** Opening Supplied data block **

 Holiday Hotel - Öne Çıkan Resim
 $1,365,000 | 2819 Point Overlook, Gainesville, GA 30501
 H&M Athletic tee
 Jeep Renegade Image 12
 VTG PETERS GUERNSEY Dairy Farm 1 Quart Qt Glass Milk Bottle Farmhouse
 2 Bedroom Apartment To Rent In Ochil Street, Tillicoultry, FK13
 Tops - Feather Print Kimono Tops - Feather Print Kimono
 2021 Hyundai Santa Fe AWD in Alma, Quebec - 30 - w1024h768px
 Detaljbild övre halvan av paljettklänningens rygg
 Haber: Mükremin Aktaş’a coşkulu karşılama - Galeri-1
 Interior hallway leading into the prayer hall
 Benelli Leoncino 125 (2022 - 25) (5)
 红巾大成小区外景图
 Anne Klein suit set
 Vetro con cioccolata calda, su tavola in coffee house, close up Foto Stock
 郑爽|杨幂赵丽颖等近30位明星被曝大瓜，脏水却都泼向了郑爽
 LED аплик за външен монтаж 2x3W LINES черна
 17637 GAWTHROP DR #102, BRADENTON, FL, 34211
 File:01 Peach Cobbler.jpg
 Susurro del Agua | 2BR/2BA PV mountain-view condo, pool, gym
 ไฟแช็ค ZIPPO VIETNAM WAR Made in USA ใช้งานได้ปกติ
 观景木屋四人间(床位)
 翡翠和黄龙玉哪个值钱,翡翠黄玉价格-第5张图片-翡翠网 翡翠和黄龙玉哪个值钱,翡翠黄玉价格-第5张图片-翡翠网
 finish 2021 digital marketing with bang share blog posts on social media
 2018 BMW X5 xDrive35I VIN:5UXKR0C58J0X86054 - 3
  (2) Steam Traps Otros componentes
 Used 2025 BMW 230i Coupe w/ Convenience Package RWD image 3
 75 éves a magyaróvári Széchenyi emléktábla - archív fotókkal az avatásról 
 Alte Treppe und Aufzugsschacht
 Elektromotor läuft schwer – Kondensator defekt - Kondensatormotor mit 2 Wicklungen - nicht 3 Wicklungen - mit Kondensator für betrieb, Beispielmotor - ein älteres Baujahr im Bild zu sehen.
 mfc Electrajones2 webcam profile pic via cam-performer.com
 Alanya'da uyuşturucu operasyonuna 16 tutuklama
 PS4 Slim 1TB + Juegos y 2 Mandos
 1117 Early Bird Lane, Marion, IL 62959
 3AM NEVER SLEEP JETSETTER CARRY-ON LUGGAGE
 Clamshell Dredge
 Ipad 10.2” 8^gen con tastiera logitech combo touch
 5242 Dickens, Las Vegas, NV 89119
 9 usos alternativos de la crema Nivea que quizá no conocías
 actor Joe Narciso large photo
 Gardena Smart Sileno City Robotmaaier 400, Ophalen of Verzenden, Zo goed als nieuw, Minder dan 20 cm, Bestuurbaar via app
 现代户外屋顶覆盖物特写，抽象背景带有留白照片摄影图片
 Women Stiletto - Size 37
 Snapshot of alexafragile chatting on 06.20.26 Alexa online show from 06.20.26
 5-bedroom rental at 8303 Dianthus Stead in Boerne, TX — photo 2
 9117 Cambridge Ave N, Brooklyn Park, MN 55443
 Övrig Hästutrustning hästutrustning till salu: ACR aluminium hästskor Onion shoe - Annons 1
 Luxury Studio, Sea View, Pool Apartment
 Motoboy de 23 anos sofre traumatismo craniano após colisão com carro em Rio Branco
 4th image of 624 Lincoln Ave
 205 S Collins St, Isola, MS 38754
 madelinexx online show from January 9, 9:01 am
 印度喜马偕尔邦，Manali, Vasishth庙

** Closing Supplied data block **

▶ [What needs to be done] Quote the listing above, but only from the line that shows "Susurro del Agua" through the line that shows "4th image of 624 Lincoln Ave".

▶ [Result of this task]
 Susurro del Agua | 2BR/2BA PV mountain-view condo, pool, gym
 ไฟแช็ค ZIPPO VIETNAM WAR Made in USA ใช้งานได้ปกติ
 观景木屋四人间(床位)
 翡翠和黄龙玉哪个值钱,翡翠黄玉价格-第5张图片-翡翠网 翡翠和黄龙玉哪个值钱,翡翠黄玉价格-第5张图片-翡翠网
 finish 2021 digital marketing with bang share blog posts on social media
 2018 BMW X5 xDrive35I VIN:5UXKR0C58J0X86054 - 3
  (2) Steam Traps Otros componentes
 Used 2025 BMW 230i Coupe w/ Convenience Package RWD image 3
 75 éves a magyaróvári Széchenyi emléktábla - archív fotókkal az avatásról 
 Alte Treppe und Aufzugsschacht
 Elektromotor läuft schwer – Kondensator defekt - Kondensatormotor mit 2 Wicklungen - nicht 3 Wicklungen - mit Kondensator für betrieb, Beispielmotor - ein älteres Baujahr im Bild zu sehen.
 mfc Electrajones2 webcam profile pic via cam-performer.com
 Alanya'da uyuşturucu operasyonuna 16 tutuklama
 PS4 Slim 1TB + Juegos y 2 Mandos
 1117 Early Bird Lane, Marion, IL 62959
 3AM NEVER SLEEP JETSETTER CARRY-ON LUGGAGE
 Clamshell Dredge
 Ipad 10.2” 8^gen con tastiera logitech combo touch
 5242 Dickens, Las Vegas, NV 89119
 9 usos alternativos de la crema Nivea que quizá no conocías
 actor Joe Narciso large photo
 Gardena Smart Sileno City Robotmaaier 400, Ophalen of Verzenden, Zo goed als nieuw, Minder dan 20 cm, Bestuurbaar via app
 现代户外屋顶覆盖物特写，抽象背景带有留白照片摄影图片
 Women Stiletto - Size 37
 Snapshot of alexafragile chatting on 06.20.26 Alexa online show from 06.20.26
 5-bedroom rental at 8303 Dianthus Stead in Boerne, TX — photo 2
 9117 Cambridge Ave N, Brooklyn Park, MN 55443
 Övrig Hästutrustning hästutrustning till salu: ACR aluminium hästskor Onion shoe - Annons 1
 Luxury Studio, Sea View, Pool Apartment
 Motoboy de 23 anos sofre traumatismo craniano após colisão com carro em Rio Branco
 4th image of 624 Lincoln Ave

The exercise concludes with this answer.